If your business model brings in $X per unit of usage your hosting costs
_need_ to be < $X per unit of usage or else no amount of engineering will make
your business profitable.

One of the founders of Twitch recently tweeted about how using Amazon's new
service for Twitch-like video streaming simply wouldn't be feasible for
building your own Twitch.

------
silviogutierrez
You can pretty much substitute "Django" for any case where Rails is not
appropriate. That is, they go hand in hand and both have similar uses.

But there are very few cases. Fewer I'd say than this article lists. Low level
programming, and yes perhaps event-based systems. [1]

I find people just like rewriting their own batteries and conventions. Fun, no
doubt, and a good learning experience.

I challenge any microframework / library user to surpass the productivity of a
mature framework like Rails or Django. I argue nothing comes close.

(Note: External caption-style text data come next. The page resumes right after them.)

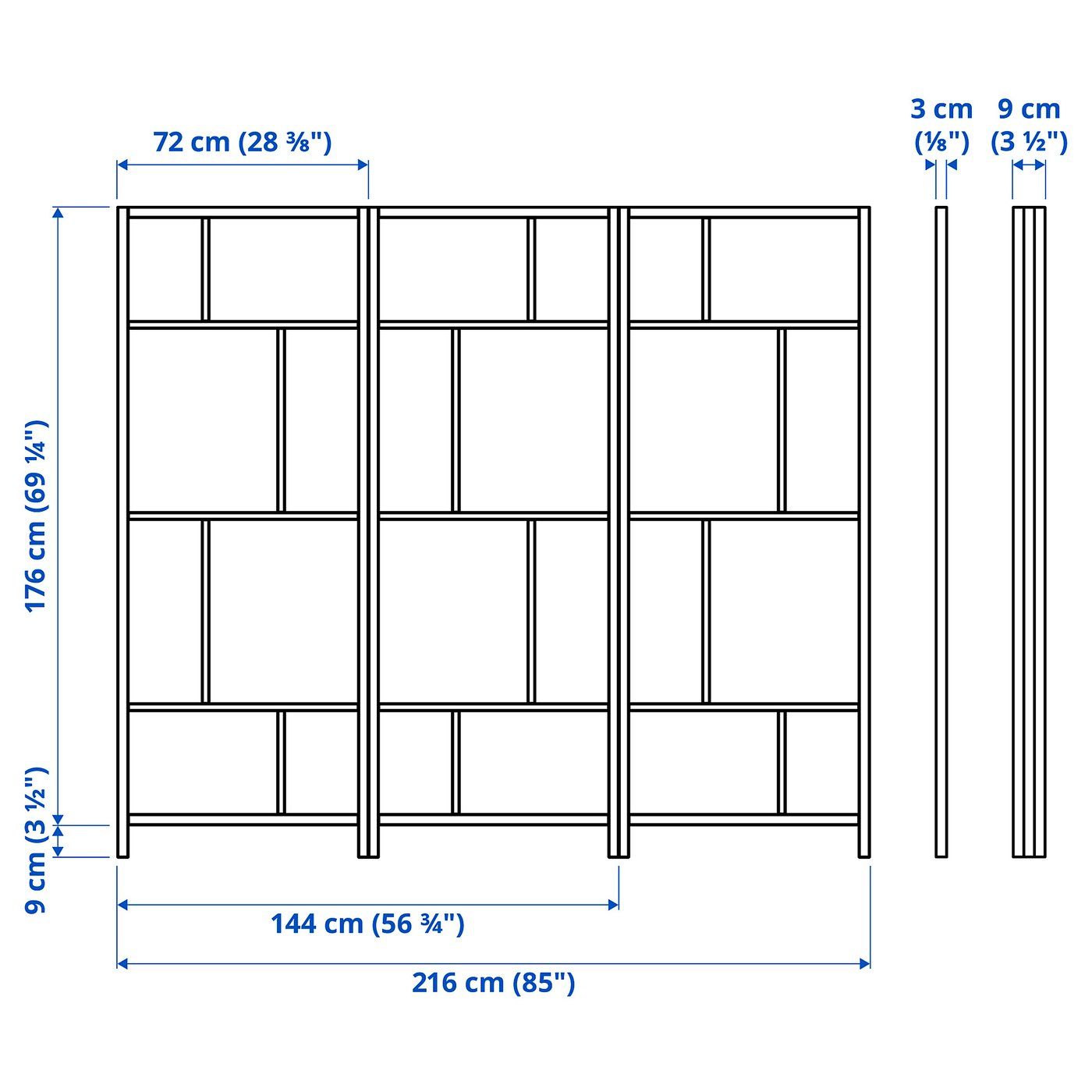 Imaxe do catálogo de IKEA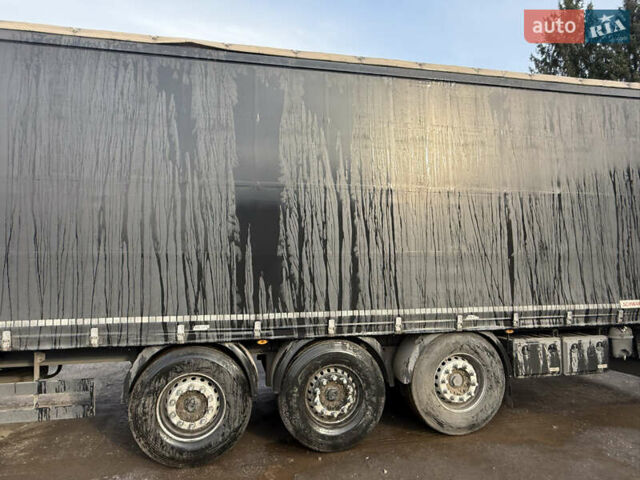 Черный Шварцмюллер SN24, объемом двигателя 2.3 л и пробегом 0 тыс. км за 14100 $, фото 18 на Automoto.ua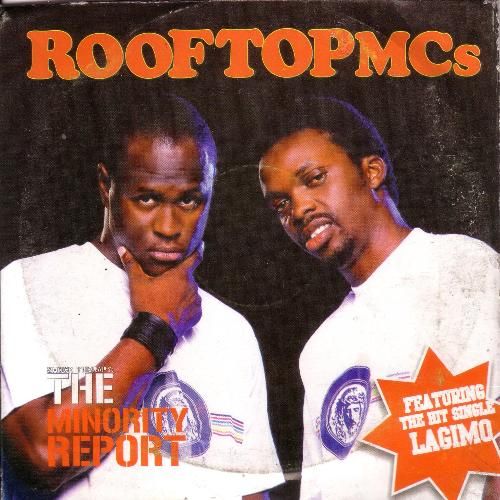 Rooftop Mcs Ft. Cobhams - Lagimo mp3 download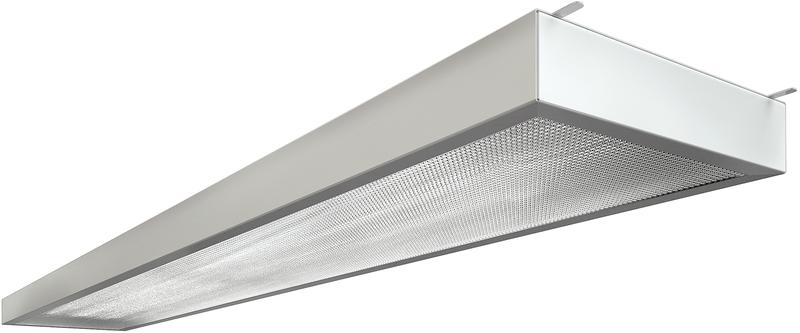Светильник светодиодный TL-Office RUS 40 GR 1188х190 PRS 850 Технологии света УТ000015326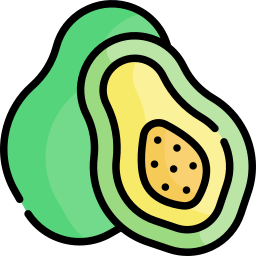 Papaya icon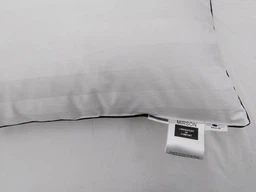 Подушка пуховая MirSon Extra Premium Royal 3049 низкая 50x70 см (2200000006967)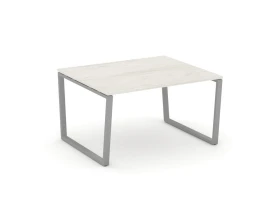 Стол переговорный SN-6T2.SPRG-033.3 1380х1180х750 Стайл Проджект Фьюжн / Style Project Fusion images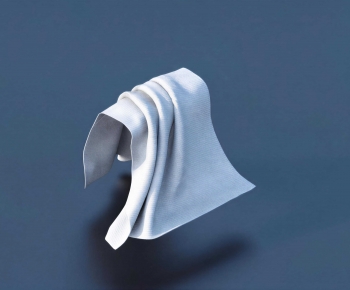 Modern Towel-ID:322853093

And I don't mean "for the 5 second MVP". Perhaps your app won't need some of
the batteries, but your app _will_ need logging. It _will_ need database
migrations. It _will_ need forms and inputs. It _will_ need media uploads. It
_will_ need to send email. And so on.

Future proofing too much is an issue in the industry. YAGNI after all. But
this is the opposite case. I deem it: YAEGNI. You are eventually going to need
it.

[1] Django 3.1, just released yesterday, begins treating async as a first
class citizen. I was initially opposed to this, given 99% of the time you
don't need async. But I suppose it's nice to have and drop down to.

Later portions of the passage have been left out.